» **What the exercise asks**: Please reproduce the lines of the records below from the one holding "x p 1,25 po" through the one holding "Lederjacke Herren Lederjacke", inclusive, skipping all pictures.

» **Extracted material**:
■ ■ ■ ■
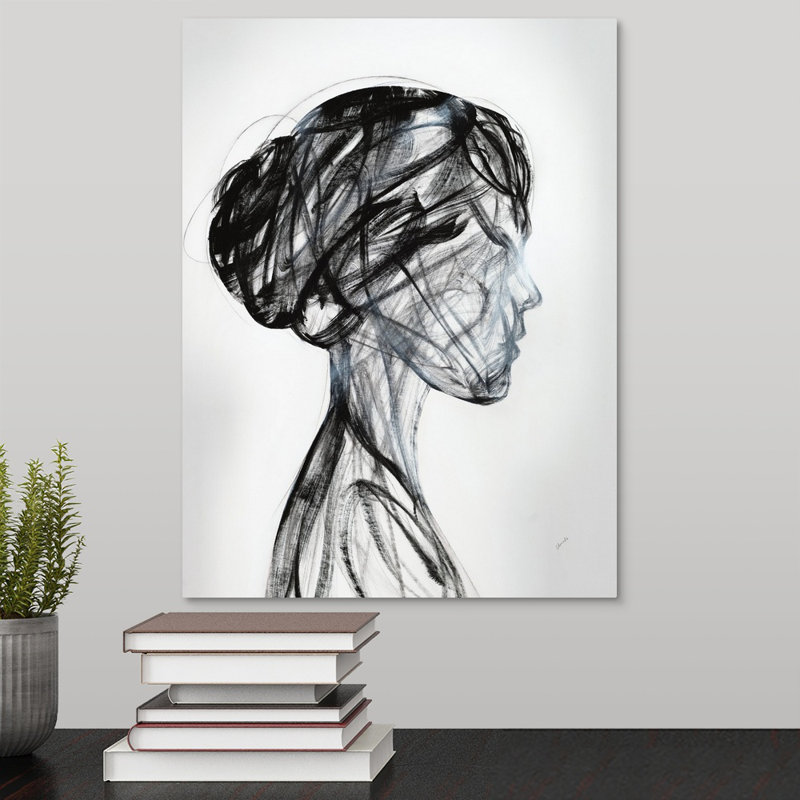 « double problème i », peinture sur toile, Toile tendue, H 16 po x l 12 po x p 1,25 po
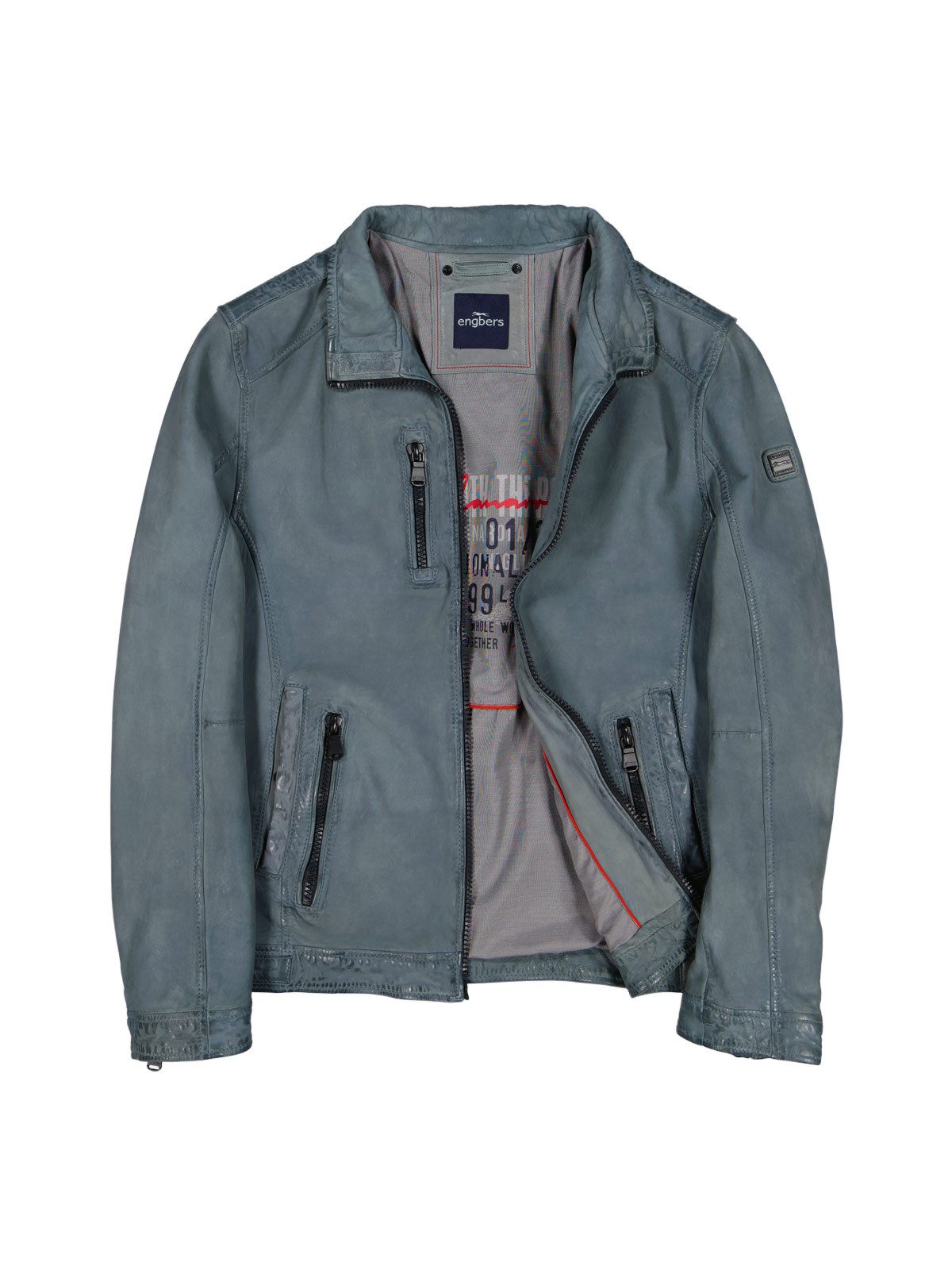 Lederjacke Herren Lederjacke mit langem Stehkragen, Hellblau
■ ■ ■ ■
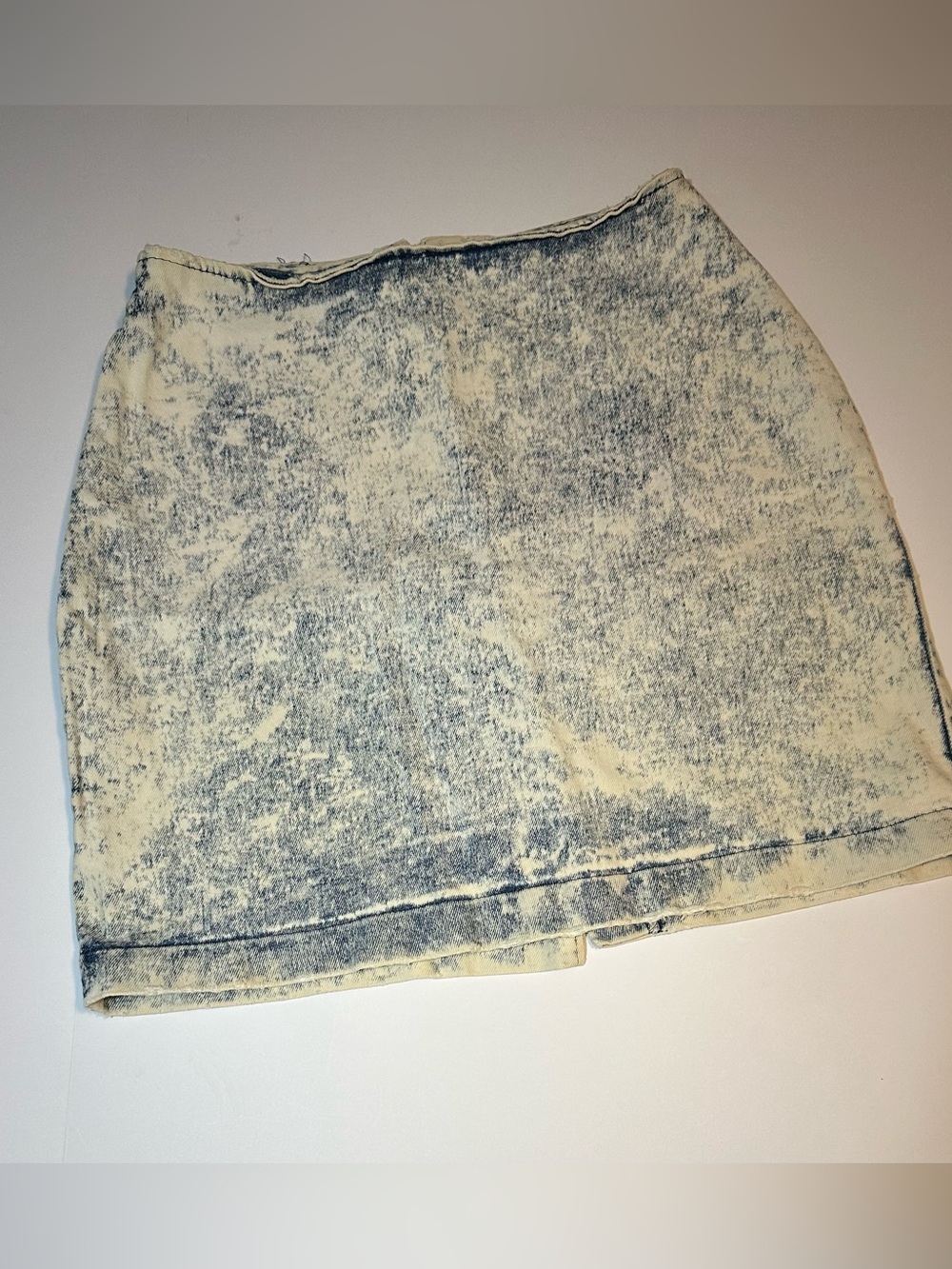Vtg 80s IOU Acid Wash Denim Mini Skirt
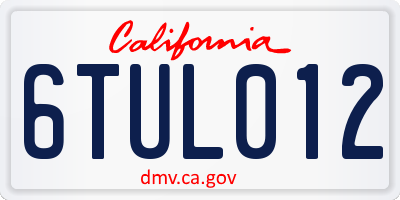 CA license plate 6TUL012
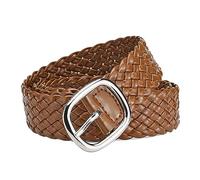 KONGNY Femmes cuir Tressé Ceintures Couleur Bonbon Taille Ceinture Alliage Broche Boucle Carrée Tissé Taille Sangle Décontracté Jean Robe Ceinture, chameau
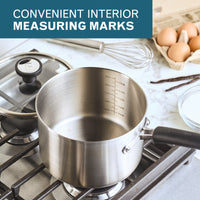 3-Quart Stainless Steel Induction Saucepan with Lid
■ ■ ■ ■
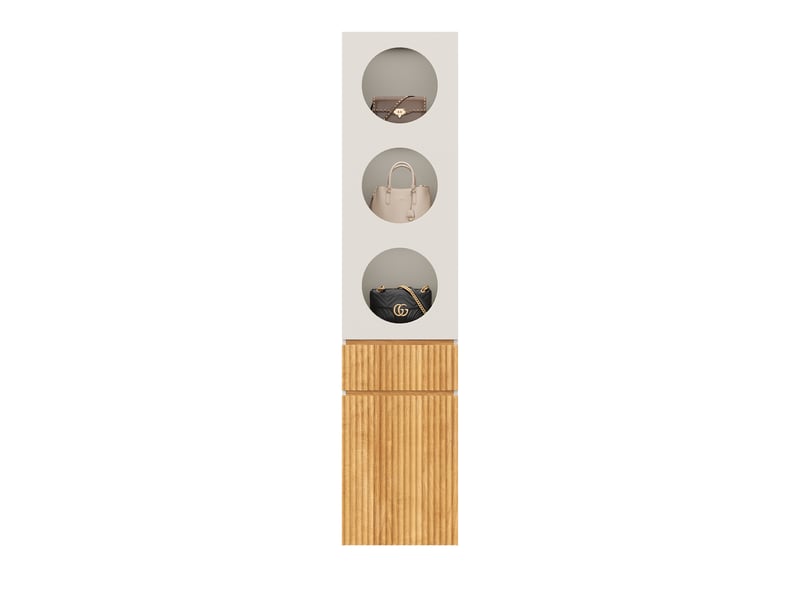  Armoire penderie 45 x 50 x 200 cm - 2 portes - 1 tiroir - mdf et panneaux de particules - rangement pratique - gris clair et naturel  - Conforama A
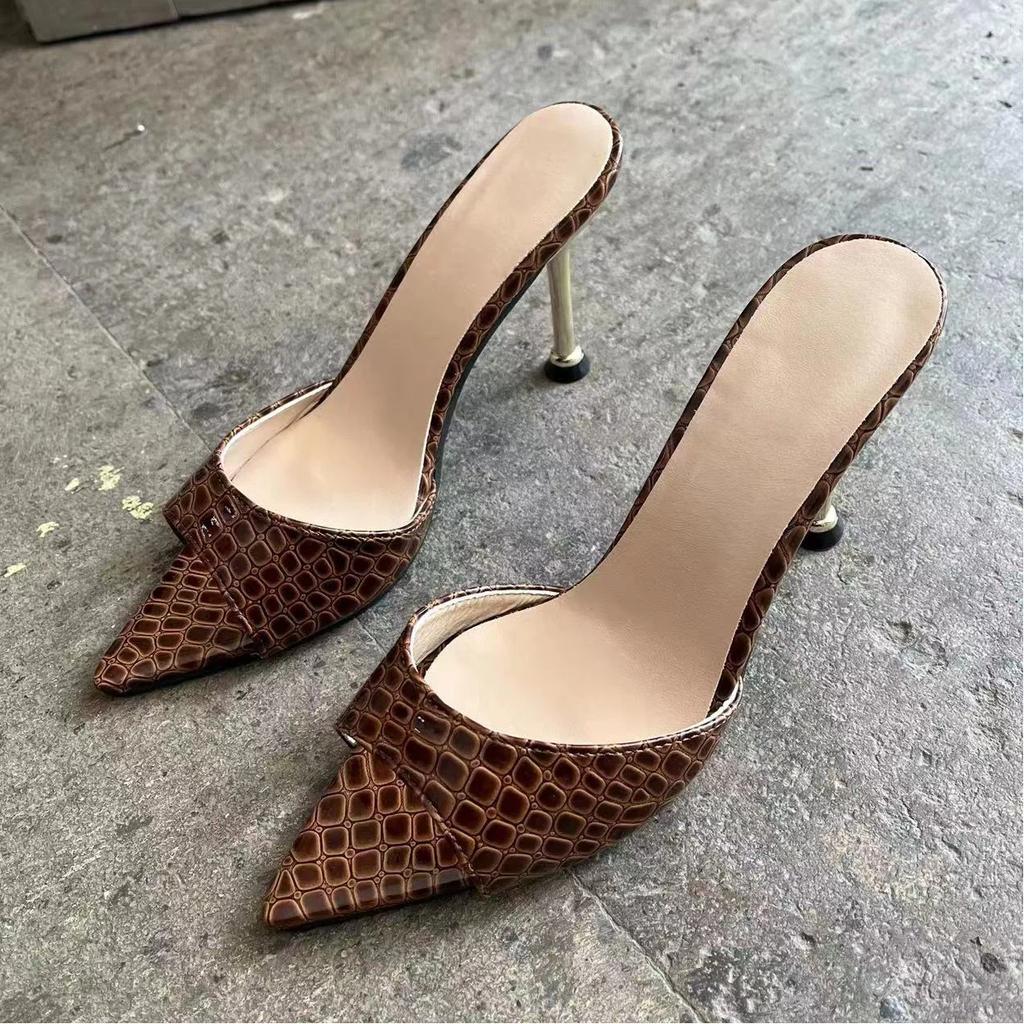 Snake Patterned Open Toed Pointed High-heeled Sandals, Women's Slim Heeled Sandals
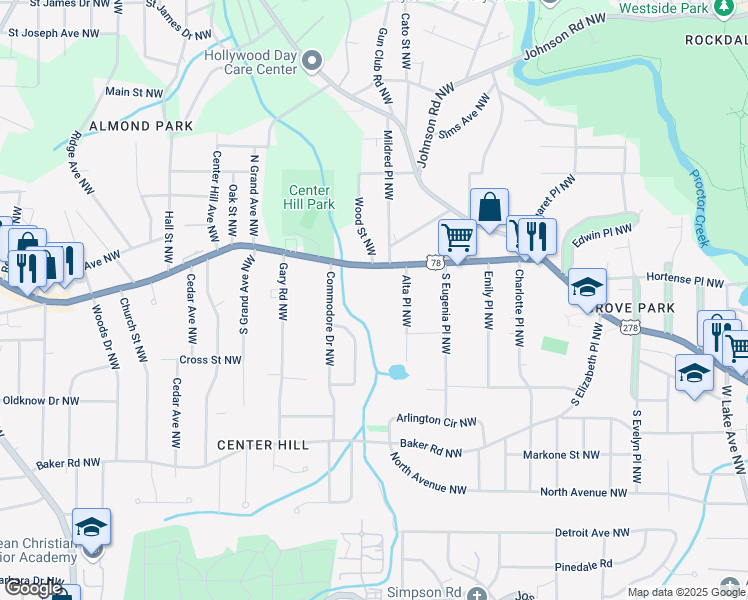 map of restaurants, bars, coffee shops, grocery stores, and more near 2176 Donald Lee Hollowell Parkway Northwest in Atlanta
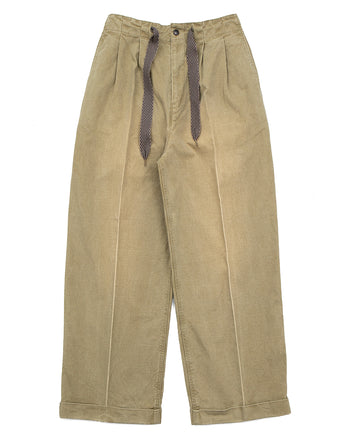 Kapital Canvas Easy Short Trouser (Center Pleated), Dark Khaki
■ ■ ■ ■
» **Task output**:
 « double problème i », peinture sur toile, Toile tendue, H 16 po x l 12 po x p 1,25 po
 Lederjacke Herren Lederjacke mit langem Stehkragen, Hellblau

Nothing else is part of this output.